Continuing from our last post, solving the problem of having a truly great software product and no revenue acceleration is not an easy task. But the solution may be right under your nose...

Instead of spending enormous amounts of money and efforts trying to find "a great salesperson" whom you'll then spend three years teaching about your product and market, and often fail, you could go in the opposite direction. Recalling our requirements list:

  1. Domain expertise in the prospect’s business to formulate and relate the challenge.
  2. Financial insight to demonstrate ROI if the problem is solved.
  3. Technical insight to understand how the product category solves the challenge.
  4. Product knowledge of the specific product to apply the relevant features, those that benefit the prospect in question, and only those, to the discussion.
  5. The visionary or “evangelical” personality skills to install confidence in the prospect.
  6. The “normal” sales skills to close a deal.

Chances are that, somewhere in the organization, you already have several people who possess 3 out of the first 4 items. Your developers do if your product is truly great - although they may lack some of the ability to relate it in lay terms to the average businessperson. And if you have a user guide or manual, you also have someone who is able to communicate.

I will argue that it's a lot quicker, on average, to teach a technical person with communication skills to sell (i.e. items 5 and 6), than it is to teach a sales professional the product and the market (i.e. items 1 through 4).

History is filled with successful examples. Among those that I'm familiar with, ERP-developer Navision (acquired by Microsoft in 2002, now MS Dynamics NAV) had as their first salesperson exactly the one who wrote the manual. I know that this very successful former CEO will argue that he was selected as technical writer and salesman mainly because the other two founders were better programmers than he was :-) But that would obviously be selling himself short.
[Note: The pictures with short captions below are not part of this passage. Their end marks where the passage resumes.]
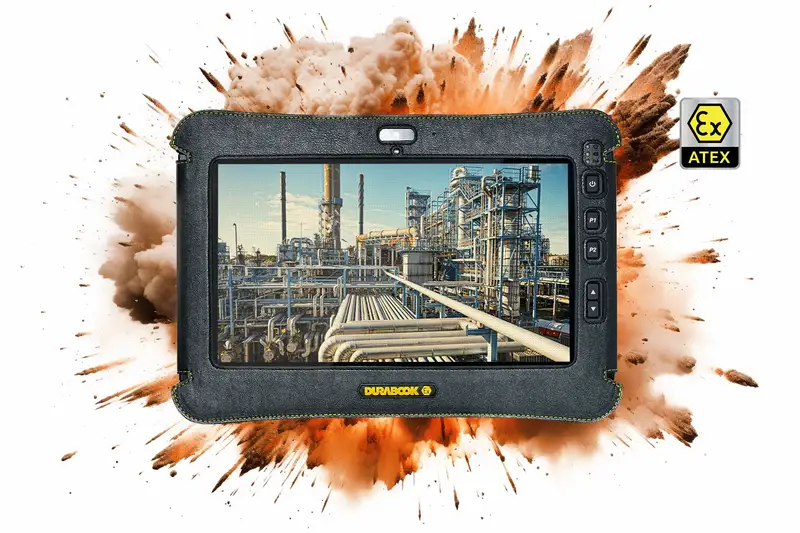 Durabook U11I – Produktfoto 9
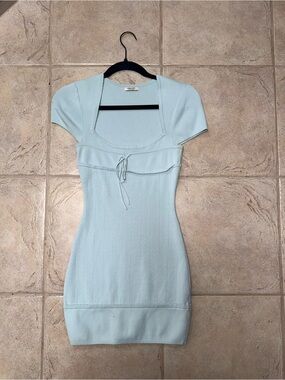 mistress rocks denim dress Mistress rocks sweetly denim strapless bodycon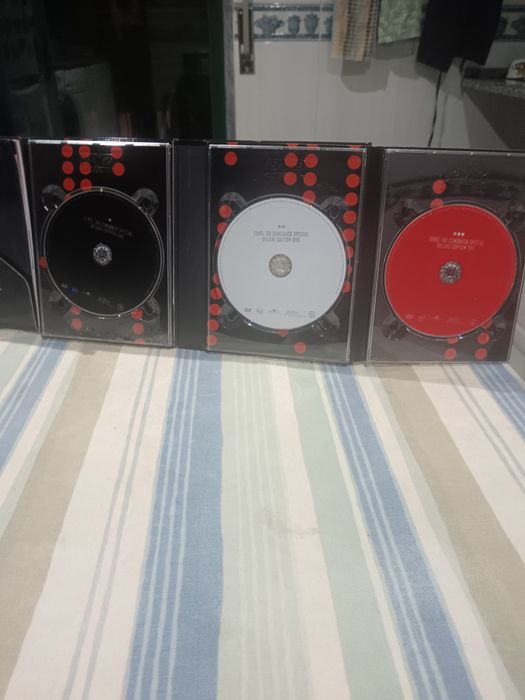 DVD Elvis 68 Comeback Special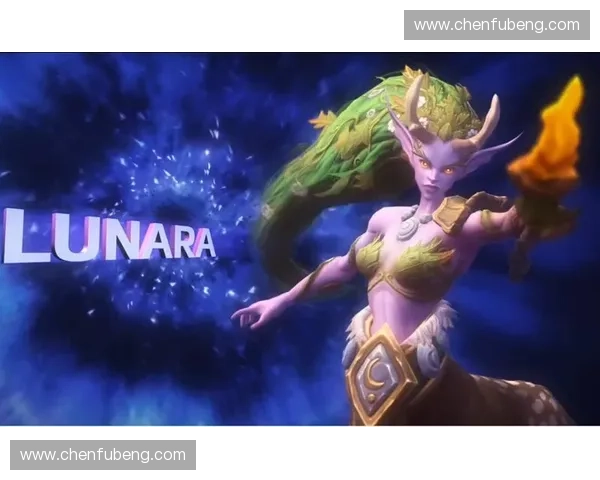 风暴英雄小鹿崭新技能解析与战术搭配探讨，助力玩家掌握独特优势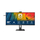 Монитор Philips 5000 серија 40B1U5601H/00, 40\", Wide Quad HD, LCD, црн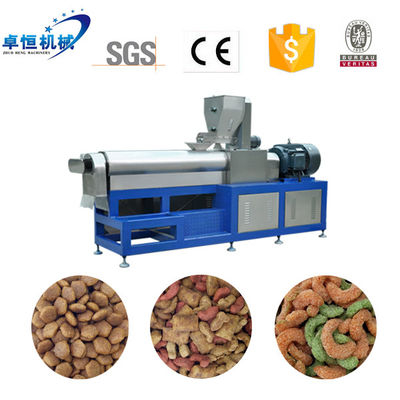 25*3*3m 自動ペットフード加工機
In a situation where time to market is of the essence, which is every situation, you could gain valuable time by pursuing this alternate path. I know that every venture capitalist and every headhunter will probably tell you otherwise. But it is truly sad to see promising software companies spend years and years, money and efforts, going through salesperson after salesperson, who "just wasn't good enough" to achieve significant software revenue acceleration.

This alternative path may not be doable or practical for every software company, but it would, at the very least, be worthy of serious consideration.